**Required action**
Please repeat exactly the lines below from the one containing "A DIY deep charge" down to the one containing "A simple and", both included, and nothing else.

**Records supplied**
▬▬▬▬▬▬

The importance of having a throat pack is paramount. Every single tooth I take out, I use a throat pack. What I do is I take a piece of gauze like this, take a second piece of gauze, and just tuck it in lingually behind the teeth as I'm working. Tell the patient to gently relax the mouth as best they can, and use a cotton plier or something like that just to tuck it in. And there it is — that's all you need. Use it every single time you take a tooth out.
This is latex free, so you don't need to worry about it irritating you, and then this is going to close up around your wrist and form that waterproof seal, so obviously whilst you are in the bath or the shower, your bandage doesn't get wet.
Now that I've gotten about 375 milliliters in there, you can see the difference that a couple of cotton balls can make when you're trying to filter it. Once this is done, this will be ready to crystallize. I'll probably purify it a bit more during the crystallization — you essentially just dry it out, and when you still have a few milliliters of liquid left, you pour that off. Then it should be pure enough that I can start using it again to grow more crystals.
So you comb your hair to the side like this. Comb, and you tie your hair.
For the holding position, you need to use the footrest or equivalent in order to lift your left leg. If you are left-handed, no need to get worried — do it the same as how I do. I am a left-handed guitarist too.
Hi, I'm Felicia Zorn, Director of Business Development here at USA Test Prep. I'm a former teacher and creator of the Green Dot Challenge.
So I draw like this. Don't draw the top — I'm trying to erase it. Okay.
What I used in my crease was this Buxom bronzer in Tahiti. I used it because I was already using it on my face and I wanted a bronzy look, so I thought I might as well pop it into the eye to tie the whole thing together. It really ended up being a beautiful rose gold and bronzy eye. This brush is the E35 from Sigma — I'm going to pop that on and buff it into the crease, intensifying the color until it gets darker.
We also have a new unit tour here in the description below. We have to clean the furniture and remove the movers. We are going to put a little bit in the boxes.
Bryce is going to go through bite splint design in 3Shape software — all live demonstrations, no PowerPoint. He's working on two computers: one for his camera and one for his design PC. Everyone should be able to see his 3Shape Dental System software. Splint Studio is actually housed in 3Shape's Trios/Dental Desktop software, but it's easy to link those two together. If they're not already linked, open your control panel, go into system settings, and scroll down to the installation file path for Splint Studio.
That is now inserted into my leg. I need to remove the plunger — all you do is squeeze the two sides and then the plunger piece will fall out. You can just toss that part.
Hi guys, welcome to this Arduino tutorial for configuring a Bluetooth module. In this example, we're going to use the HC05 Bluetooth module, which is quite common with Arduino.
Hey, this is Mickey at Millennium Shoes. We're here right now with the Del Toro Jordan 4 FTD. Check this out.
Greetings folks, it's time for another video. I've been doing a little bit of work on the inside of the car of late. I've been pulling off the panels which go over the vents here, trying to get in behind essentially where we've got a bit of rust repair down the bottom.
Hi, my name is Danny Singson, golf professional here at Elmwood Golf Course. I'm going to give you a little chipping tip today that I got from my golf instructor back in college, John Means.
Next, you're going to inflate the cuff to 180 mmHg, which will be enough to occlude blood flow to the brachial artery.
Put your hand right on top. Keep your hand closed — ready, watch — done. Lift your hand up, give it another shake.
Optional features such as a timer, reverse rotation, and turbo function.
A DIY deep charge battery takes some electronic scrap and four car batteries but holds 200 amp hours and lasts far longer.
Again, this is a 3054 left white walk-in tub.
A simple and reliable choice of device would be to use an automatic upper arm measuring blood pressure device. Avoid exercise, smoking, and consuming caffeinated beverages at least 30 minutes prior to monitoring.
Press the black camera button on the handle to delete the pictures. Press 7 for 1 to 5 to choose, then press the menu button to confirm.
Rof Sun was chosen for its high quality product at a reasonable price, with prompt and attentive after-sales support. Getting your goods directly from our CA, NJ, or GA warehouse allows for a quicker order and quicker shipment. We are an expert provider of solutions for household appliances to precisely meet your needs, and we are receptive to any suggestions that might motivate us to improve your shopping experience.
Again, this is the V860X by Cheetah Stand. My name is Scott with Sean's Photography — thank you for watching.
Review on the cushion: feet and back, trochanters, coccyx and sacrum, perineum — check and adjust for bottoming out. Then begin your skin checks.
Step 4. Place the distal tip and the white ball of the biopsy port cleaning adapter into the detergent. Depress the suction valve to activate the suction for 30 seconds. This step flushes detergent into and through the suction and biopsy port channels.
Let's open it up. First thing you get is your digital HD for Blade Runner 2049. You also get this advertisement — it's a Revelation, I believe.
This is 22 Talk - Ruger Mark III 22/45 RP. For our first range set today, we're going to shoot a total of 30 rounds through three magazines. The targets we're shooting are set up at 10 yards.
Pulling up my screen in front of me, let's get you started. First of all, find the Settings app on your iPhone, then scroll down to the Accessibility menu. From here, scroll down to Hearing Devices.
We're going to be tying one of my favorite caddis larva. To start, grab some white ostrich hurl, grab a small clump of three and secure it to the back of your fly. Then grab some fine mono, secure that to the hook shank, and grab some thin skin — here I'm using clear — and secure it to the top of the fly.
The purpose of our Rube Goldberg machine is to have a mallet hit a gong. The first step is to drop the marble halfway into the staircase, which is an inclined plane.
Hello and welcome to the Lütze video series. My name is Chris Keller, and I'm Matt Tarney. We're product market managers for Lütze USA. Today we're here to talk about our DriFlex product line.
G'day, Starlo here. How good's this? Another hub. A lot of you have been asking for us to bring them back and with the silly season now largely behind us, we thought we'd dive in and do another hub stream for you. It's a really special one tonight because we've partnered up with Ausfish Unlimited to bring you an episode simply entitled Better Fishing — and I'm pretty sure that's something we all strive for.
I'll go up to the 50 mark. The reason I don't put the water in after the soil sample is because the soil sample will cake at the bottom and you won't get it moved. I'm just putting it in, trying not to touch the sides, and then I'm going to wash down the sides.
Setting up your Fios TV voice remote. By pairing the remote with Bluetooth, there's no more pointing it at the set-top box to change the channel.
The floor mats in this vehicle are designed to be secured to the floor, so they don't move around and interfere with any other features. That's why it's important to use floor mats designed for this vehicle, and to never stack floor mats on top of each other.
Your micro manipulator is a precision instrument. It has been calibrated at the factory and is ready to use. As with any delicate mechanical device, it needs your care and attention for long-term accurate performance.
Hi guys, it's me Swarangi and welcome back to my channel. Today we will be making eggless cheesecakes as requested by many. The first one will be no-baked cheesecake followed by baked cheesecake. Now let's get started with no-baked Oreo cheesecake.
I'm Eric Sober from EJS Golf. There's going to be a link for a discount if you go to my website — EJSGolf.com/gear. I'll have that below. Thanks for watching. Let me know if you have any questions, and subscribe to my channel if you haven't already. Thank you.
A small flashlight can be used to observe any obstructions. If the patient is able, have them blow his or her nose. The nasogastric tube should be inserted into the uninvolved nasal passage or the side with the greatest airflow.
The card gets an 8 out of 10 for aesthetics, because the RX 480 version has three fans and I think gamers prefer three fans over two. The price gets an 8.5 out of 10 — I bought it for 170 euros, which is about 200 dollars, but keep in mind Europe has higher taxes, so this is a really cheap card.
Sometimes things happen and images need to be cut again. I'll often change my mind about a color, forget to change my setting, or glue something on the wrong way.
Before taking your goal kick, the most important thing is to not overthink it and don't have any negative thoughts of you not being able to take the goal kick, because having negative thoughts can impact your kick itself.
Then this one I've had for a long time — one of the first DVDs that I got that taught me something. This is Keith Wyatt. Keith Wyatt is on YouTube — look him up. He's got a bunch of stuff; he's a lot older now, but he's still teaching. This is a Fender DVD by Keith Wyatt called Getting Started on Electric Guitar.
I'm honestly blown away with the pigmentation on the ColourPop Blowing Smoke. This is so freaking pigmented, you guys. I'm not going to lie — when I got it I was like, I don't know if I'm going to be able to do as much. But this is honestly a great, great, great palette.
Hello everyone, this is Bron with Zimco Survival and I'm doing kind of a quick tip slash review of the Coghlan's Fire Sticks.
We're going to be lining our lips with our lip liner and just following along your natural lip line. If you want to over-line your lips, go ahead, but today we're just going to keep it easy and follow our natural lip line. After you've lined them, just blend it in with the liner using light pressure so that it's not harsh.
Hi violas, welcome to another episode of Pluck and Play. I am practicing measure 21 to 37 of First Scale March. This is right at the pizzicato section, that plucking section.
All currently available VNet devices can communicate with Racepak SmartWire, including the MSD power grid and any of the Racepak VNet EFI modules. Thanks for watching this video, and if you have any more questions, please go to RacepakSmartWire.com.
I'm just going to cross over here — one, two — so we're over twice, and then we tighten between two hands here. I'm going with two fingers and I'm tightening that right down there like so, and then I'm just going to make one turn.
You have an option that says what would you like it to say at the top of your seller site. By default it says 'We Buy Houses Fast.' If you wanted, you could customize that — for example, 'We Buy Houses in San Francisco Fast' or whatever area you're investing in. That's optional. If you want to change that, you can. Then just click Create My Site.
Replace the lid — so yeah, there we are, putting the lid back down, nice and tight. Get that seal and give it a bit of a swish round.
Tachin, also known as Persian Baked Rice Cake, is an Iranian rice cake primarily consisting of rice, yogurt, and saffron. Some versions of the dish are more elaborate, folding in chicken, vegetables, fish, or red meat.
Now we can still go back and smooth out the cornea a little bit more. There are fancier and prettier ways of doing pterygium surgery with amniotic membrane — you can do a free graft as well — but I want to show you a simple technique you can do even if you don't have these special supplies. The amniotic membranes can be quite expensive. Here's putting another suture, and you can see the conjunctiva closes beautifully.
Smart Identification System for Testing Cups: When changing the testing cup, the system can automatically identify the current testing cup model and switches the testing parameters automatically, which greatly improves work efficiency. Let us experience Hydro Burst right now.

▬▬▬▬▬▬

**Reply**
A DIY deep charge battery takes some electronic scrap and four car batteries but holds 200 amp hours and lasts far longer.
Again, this is a 3054 left white walk-in tub.
A simple and reliable choice of device would be to use an automatic upper arm measuring blood pressure device. Avoid exercise, smoking, and consuming caffeinated beverages at least 30 minutes prior to monitoring.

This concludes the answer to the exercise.